__Saved entries__:
========
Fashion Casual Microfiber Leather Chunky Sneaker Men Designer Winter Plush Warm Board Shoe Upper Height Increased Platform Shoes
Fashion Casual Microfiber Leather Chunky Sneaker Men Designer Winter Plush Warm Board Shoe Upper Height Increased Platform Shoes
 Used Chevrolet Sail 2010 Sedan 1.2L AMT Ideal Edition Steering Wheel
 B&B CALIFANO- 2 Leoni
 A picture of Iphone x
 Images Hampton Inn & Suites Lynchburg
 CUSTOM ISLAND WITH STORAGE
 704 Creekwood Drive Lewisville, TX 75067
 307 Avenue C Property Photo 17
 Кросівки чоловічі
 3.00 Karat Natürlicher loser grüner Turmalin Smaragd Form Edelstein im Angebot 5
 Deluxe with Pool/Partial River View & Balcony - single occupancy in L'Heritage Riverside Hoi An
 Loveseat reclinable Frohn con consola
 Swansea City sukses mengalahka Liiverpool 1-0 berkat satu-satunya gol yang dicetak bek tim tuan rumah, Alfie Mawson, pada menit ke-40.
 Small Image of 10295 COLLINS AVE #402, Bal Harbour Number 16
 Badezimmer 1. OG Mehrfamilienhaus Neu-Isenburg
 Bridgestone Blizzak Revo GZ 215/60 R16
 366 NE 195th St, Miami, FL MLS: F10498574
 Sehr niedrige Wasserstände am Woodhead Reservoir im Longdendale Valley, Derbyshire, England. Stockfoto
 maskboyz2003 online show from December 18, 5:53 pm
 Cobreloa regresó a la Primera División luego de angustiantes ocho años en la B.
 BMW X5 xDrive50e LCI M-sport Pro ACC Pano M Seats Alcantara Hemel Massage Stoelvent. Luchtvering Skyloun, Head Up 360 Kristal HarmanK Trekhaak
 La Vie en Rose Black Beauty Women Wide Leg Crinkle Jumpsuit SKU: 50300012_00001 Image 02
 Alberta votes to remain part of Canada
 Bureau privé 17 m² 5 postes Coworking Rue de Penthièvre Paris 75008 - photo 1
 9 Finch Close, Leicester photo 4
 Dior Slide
========
__WORK TO BE COMPLETED__: From the first line of the data through the line with "3.00 Karat Natürlicher", quote each line exactly and add nothing else.

__RESPONSE BOX__:
Fashion Casual Microfiber Leather Chunky Sneaker Men Designer Winter Plush Warm Board Shoe Upper Height Increased Platform Shoes
Fashion Casual Microfiber Leather Chunky Sneaker Men Designer Winter Plush Warm Board Shoe Upper Height Increased Platform Shoes
 Used Chevrolet Sail 2010 Sedan 1.2L AMT Ideal Edition Steering Wheel
 B&B CALIFANO- 2 Leoni
 A picture of Iphone x
 Images Hampton Inn & Suites Lynchburg
 CUSTOM ISLAND WITH STORAGE
 704 Creekwood Drive Lewisville, TX 75067
 307 Avenue C Property Photo 17
 Кросівки чоловічі
 3.00 Karat Natürlicher loser grüner Turmalin Smaragd Form Edelstein im Angebot 5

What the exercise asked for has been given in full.